Connecting genotype to phenotype in the era of high-throughput sequencing.

作者信息

Henry Christopher S, Overbeek Ross, Xia Fangfang, Best Aaron A, Glass Elizabeth, Gilbert Jack, Larsen Peter, Edwards Rob, Disz Terry, Meyer Folker, Vonstein Veronika, Dejongh Matthew, Bartels Daniela, Desai Narayan, D'Souza Mark, Devoid Scott, Keegan Kevin P, Olson Robert, Wilke Andreas, Wilkening Jared, Stevens Rick L

机构信息

Argonne National Laboratory, Argonne, IL 60439, USA.

出版信息

Biochim Biophys Acta. 2011 Oct;1810(10):967-77. doi: 10.1016/j.bbagen.2011.03.010. Epub 2011 Mar 21.
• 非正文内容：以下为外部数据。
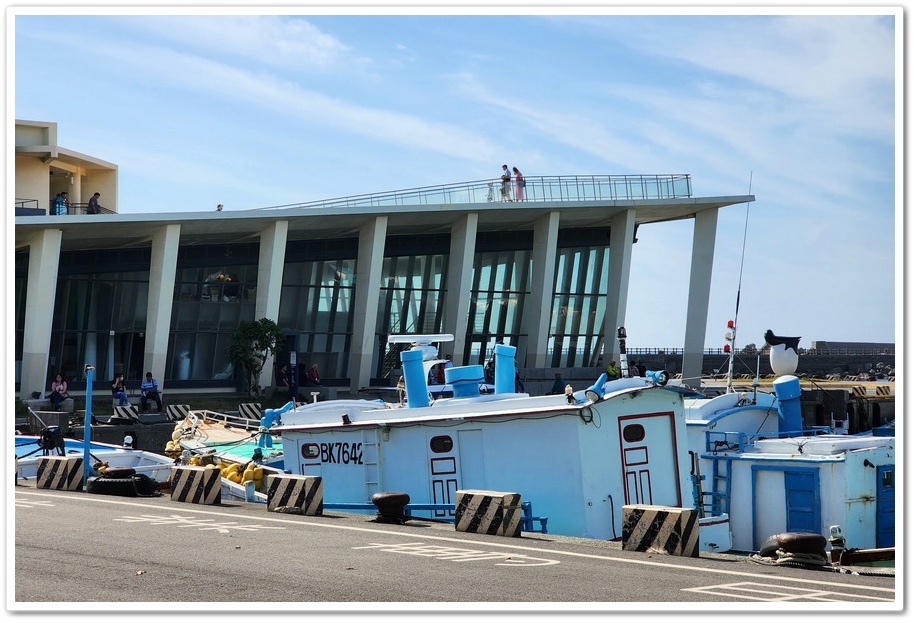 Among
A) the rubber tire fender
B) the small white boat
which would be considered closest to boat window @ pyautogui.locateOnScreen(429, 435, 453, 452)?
the small white boat

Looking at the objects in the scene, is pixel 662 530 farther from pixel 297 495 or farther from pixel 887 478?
pixel 887 478

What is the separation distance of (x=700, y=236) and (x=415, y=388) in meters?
38.4

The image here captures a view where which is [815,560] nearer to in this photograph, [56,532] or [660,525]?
[660,525]

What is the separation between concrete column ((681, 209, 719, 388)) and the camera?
5691 cm

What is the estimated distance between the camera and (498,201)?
5112 centimetres

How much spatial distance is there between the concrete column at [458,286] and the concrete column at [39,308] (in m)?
18.2

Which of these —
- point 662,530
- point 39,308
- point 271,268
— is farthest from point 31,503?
point 271,268

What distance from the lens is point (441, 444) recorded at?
20125 mm

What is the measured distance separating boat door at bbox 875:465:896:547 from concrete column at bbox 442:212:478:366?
32.1m

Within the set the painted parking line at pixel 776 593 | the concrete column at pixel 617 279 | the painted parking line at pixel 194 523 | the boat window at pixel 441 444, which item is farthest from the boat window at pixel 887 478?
the concrete column at pixel 617 279

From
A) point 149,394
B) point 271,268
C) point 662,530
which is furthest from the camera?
point 271,268

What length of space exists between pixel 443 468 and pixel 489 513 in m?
4.75

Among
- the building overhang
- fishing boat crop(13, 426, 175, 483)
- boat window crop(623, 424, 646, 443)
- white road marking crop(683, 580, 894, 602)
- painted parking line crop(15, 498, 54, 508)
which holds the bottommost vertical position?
fishing boat crop(13, 426, 175, 483)

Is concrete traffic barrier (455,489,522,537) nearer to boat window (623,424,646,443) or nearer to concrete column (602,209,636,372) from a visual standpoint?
boat window (623,424,646,443)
DOI:10.1016/j.bbagen.2011.03.010

PMID:21421023

Abstract

BACKGROUND

The development of next generation sequencing technology is rapidly changing the face of the genome annotation and analysis field. One of the primary uses for genome sequence data is to improve our understanding and prediction of phenotypes for microbes and microbial communities, but the technologies for predicting phenotypes must keep pace with the new sequences emerging.

SCOPE OF REVIEW

This review presents an integrated view of the methods and technologies used in the inference of phenotypes for microbes and microbial communities based on genomic and metagenomic data. Given the breadth of this topic, we place special focus on the resources available within the SEED Project. We discuss the two steps involved in connecting genotype to phenotype: sequence annotation, and phenotype inference, and we highlight the challenges in each of these steps when dealing with both single genome and metagenome data.

MAJOR CONCLUSIONS

This integrated view of the genotype-to-phenotype problem highlights the importance of a controlled ontology in the annotation of genomic data, as this benefits subsequent phenotype inference and metagenome annotation. We also note the importance of expanding the set of reference genomes to improve the annotation of all sequence data, and we highlight metagenome assembly as a potential new source for complete genomes. Finally, we find that phenotype inference, particularly from metabolic models, generates predictions that can be validated and reconciled to improve annotations.

GENERAL SIGNIFICANCE

This review presents the first look at the challenges and opportunities associated with the inference of phenotype from genotype during the next generation sequencing revolution. This article is part of a Special Issue entitled: Systems Biology of Microorganisms.

摘要

背景

新一代测序技术的发展正在迅速改变基因组注释和分析领域的面貌。基因组序列数据的主要用途之一是增进我们对微生物和微生物群落表型的理解与预测，但预测表型的技术必须跟上新出现序列的步伐。

综述范围

本综述呈现了基于基因组和宏基因组数据推断微生物和微生物群落表型所使用的方法和技术的综合观点。鉴于该主题的广度，我们特别关注种子项目中可用的资源。我们讨论了将基因型与表型联系起来的两个步骤：序列注释和表型推断，并强调在处理单基因组和宏基因组数据时每个步骤所面临的挑战。

主要结论

这种对基因型到表型问题的综合观点突出了受控本体在基因组数据注释中的重要性，因为这有利于后续的表型推断和宏基因组注释。我们还指出了扩展参考基因组集以改进所有序列数据注释的重要性，并强调宏基因组组装是完整基因组的潜在新来源。最后，我们发现表型推断，特别是来自代谢模型的推断，会产生可验证和协调以改进注释的预测。